How to Formulate Your BSA/AML Policy for Bank Due Diligence
Embarking on the journey of launching a fintech or tech company as a founder can be both exhilarating and challenging, especially when integrating a financial product into your existing customer offerings. At this crucial phase, the key lies in securing a reliable bank partner who will sponsor your financial products through a Banking as a Service (BaaS) model. This critical bank partnership not only ensures credibility and regulatory compliance but also opens up avenues to new revenue streams and the ability to deliver enhanced value to your customers.
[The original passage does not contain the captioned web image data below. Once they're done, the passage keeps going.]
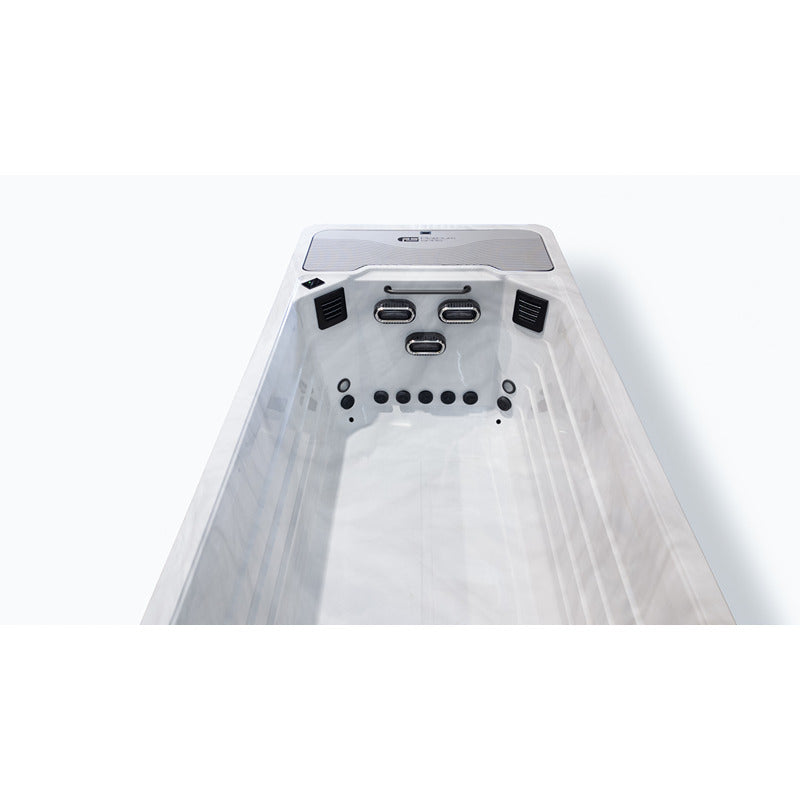 Innenansicht des Chronos Mini Pools mit drei Jets, LED-Leuchten und ergonomisch geformter Rückwand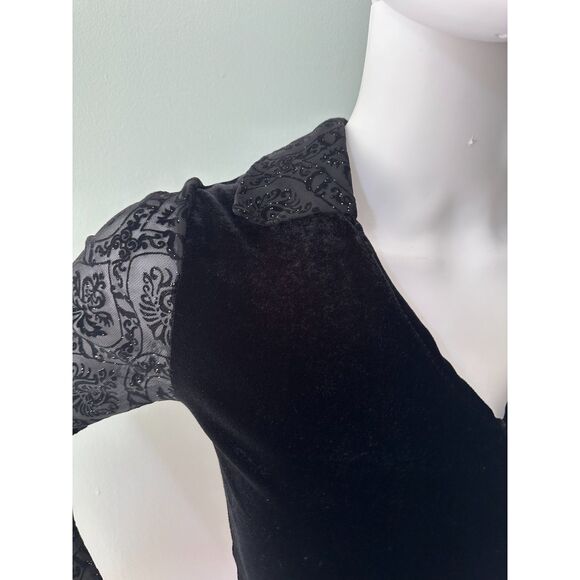 Vintage Y2k Black Velvet Top with Sheer Sleeves Collared V-Neck Long Sleeve XS - Picture 4 of 6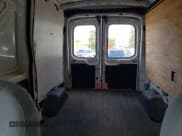 ✅ 2015 Ford Transit Cargo • VIN: 1FTYR1CM8FKB12071 • Lot: 65176735. Wystawiony na Copart z przebiegiem 175 826 mil. Bezpłatny archiwum sprzedaży aukcyjnych z USA i szczegółowy raport historii pojazdu na DreamBid. Zdjęcie 10.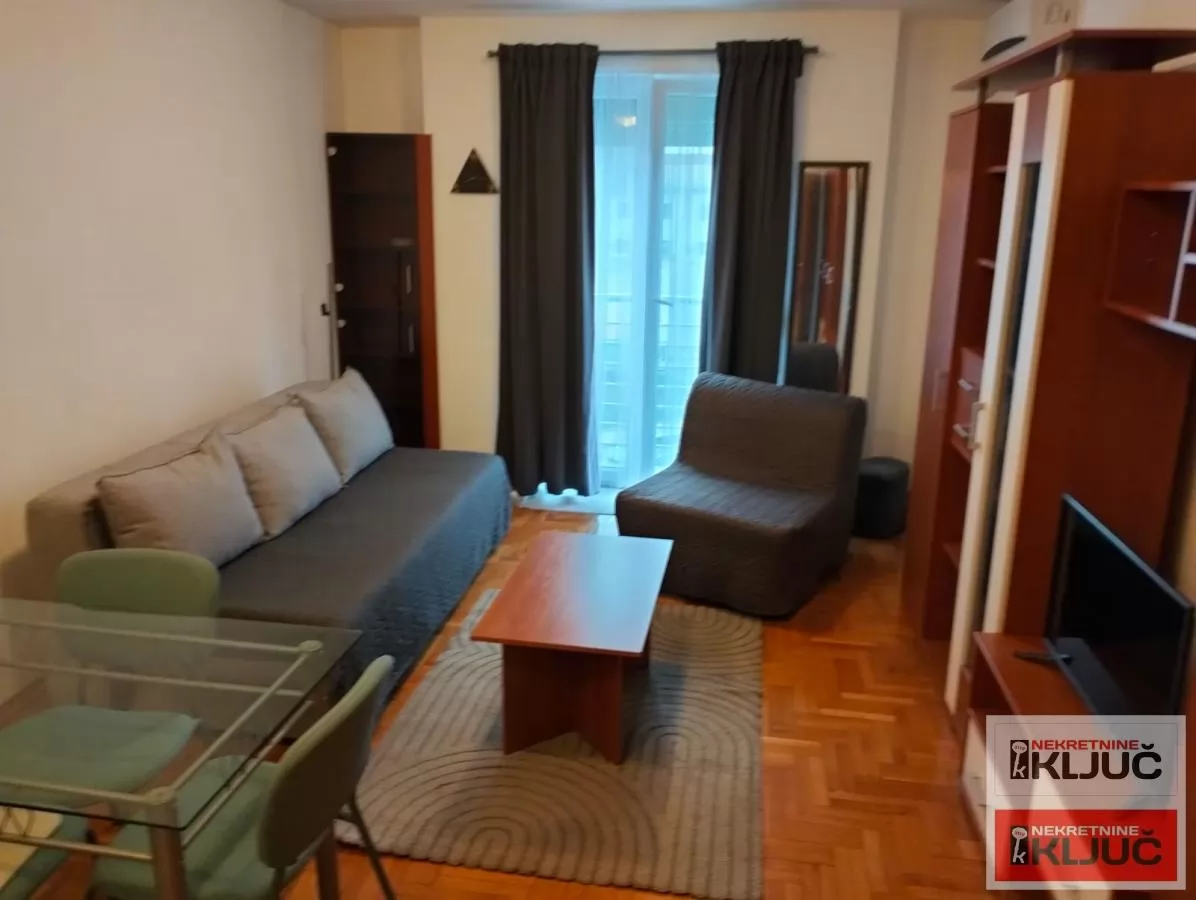 Odlicna garsonjera u centru grada 3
This article aims to provide fintech founders and operators with a fundamental grasp of how to meet a bank partner’s Bank Secrecy Act and Anti-Money Laundering (BSA/AML) policy requirements. Understanding and aligning with these foundational principles is crucial for successfully collaborating with your bank partner while ensuring compliance with regulatory standards.
Anti-Money Laundering - Developing your BSA/AML program
Assuming your discovery conversations with the prospective bank partner went well and they want to continue the discussion (congrats, those aren’t easy!), you can expect to receive a due diligence questionnaire and document request list. At the top of this list will be a request for the fintech’s ‘BSA/AML Program.’
Now this might be your first time hearing these vitally important acronyms, and that is okay (unless your background is in compliance), but how you respond to that ‘BSA/AML Program’ request can ultimately determine whether the bank thinks your fintech is ready to meet the regulatory compliance requirements of a financial service company. If the bank doesn’t think you're ready, they will likely choose not to move forward with the partnership.
Key components of your BSA/AML policy
So why is your future bank partner asking you about a BSA/AML policy?
In 1970, Congress passed the Bank Secrecy Act , which put obligations on banks to establish and maintain programs for detecting and reporting potential money laundering and suspicious financial activity. For the past 50+ years, banks have sought to meet the regulatory requirements of the BSA, and other federal and state regulations, through the establishment of BSA/AML Programs.
In BaaS partnerships, the banks are ultimately responsible as the regulated financial institution for ensuring their fintech partners have AML controls in place to comply with bank regulatory requirements. Generally, this means the fintech partner builds an AML Program that closely resembles that of the banks, beginning with the BSA/AML Policy.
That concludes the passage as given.